For a Day at the Beach – Pack a Picnic Lunch
The beach is a breeding ground for quick and easy fattening food. This summer, avoid the fast food huts on the boardwalk and pack a picnic lunch for your day in the sun. Packing your own lunch is a great way to stay on track and monitor the calories you’re consuming.
Be Sure to Include:
Lots of fruit and vegetables – Bring along a container of baby carrots or a sprig of grapes, or pick up some fresh strawberries or blueberries at a roadside stand on your way there. They not only make for great finger foods but are quick and can easily be resealed and saved for later.
Bottled water – Water is your best friend when trying not to stray from your diet. Stay away from high-calorie drinks and remember that 8-10 cups of water per day will keep you hydrated and feeling full. Freeze a couple bottles before you head out. They will melt slowly during your outing, allowing the water to stay ice cold.

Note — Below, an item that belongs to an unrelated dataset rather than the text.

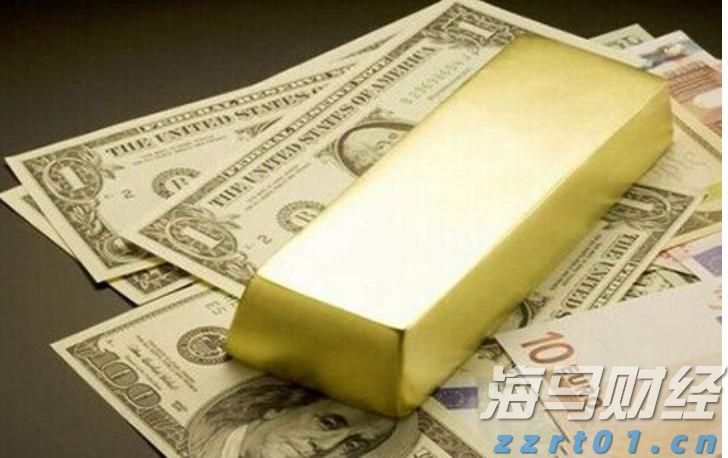 泰康人寿2025爱家季推出无创基因检测服务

Plus they double as an icepack, keeping whatever else you might have in your cooler chilled and ready.
Wraps – If you’re planning an extended day at the beach and need something with a bit more sustenance try a wrap for a quick and easily portable meal that satisfies yet won’t weigh you down. 

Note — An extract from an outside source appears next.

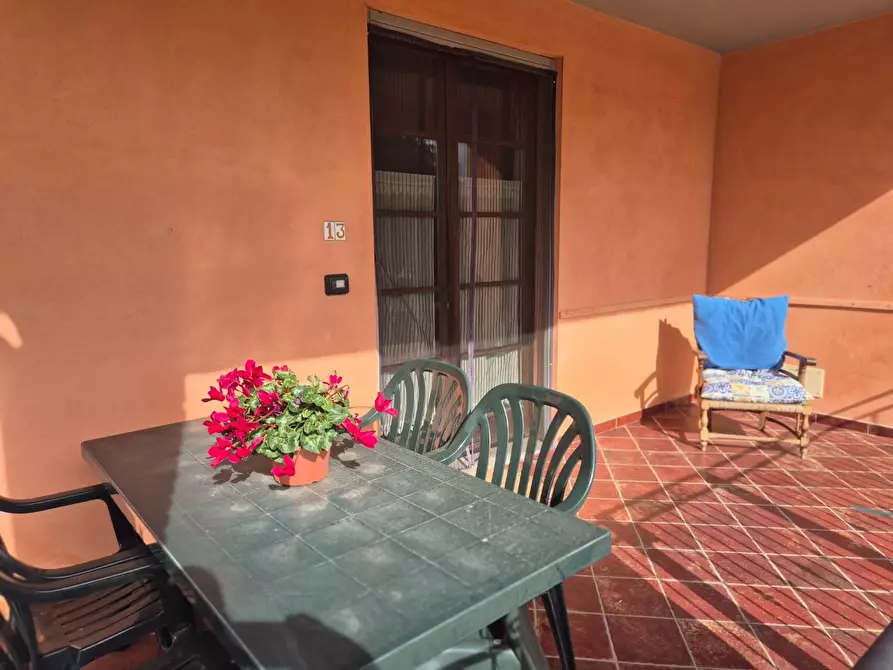 Immagine 24 di Appartamento in vendita  a Campiglia Marittima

For That Weekend Cottage Getaway
A weekend at a cottage is a great way to unwind with friends and reconnect with nature. It’s also a fantastic excuse to destroy your eating habits. Cottage weekends can be crammed with junk food, BBQs and roasted marshmallows, but you can still have fun and eat healthy on your weekend retreat.

Try This:

Don’t be afraid to make healthy suggestions – When cottaging with friends, often the group will pool together to purchase groceries. If that’s the case, don’t be afraid to let people know that you’re watching what you eat, and offer to purchase your own diet-conscious alternatives. Chances are your friends will take your lead and lean toward healthier alternatives when planning food for the trip.
Grill to perfection – The BBQ is a staple of most cottage meal plans, so embrace it as best you can. If you’re trying to avoid certain foods, bring along grillable alternatives. Instead of normal wieners on the “Q” try the vegetarian or turkey varieties. Bring along some tinfoil and do up a sizzling salmon dish on the grill. Just be creative and don’t hesitate to try alternatives to steak and burgers.
Skewer your alternatives – Instead of roasting marshmallows over the fire, try skewers instead. You might not be able to put them on a stick, but a skewer with some pieces of pepper, zucchini and shrimp will still allow you to get that campfire experience without the sugar high. 
For the Backyard Potluck Pool Party
You know you’re going to be faced with fattening choices when you do anything potluck. Some people will stop off and pick something up on the way out of convenience, while others will meticulously plan out their signature triple-chocolate eruption cake recipe in the hopes of being the talk of the party. Either way, there are bound to be hard decisions for you to make at this type of gathering. 
Food Table Tactics:

The convenience food might not be the worst choice – The bright side of having those partygoers who wait until the last minute to pick something up is that one of them will almost always bring the staple “veggie tray” dish. Be sure not to overlook it when you get your turn at the food table, and reward yourself with some dip for taking the vegetables over the gelatin mould.
Not-so-rotten tomatoes – When staring down a long line of salad dishes, try to stick to the ones that have tomato-based sauces instead of those with creamy dressings. Tomato-based sauces generally contain less fat and fewer calories than their cream-based counterparts.
Don’t over-stuff – If your eyes are bigger than your stomach and you overflow your plate, don’t feel the need to finish off every last bite. Nobody likes to waste food, but most of these dishes are brought for the event only. They’ll be served on dishes that will likely be cleaned before they’re taken home, or on disposable plates that are going to get thrown out anyway. Also remember that it’s impossible to enjoy every dish that’s present so don’t worry about offending anyone if you leave some of their cuisine on your plate.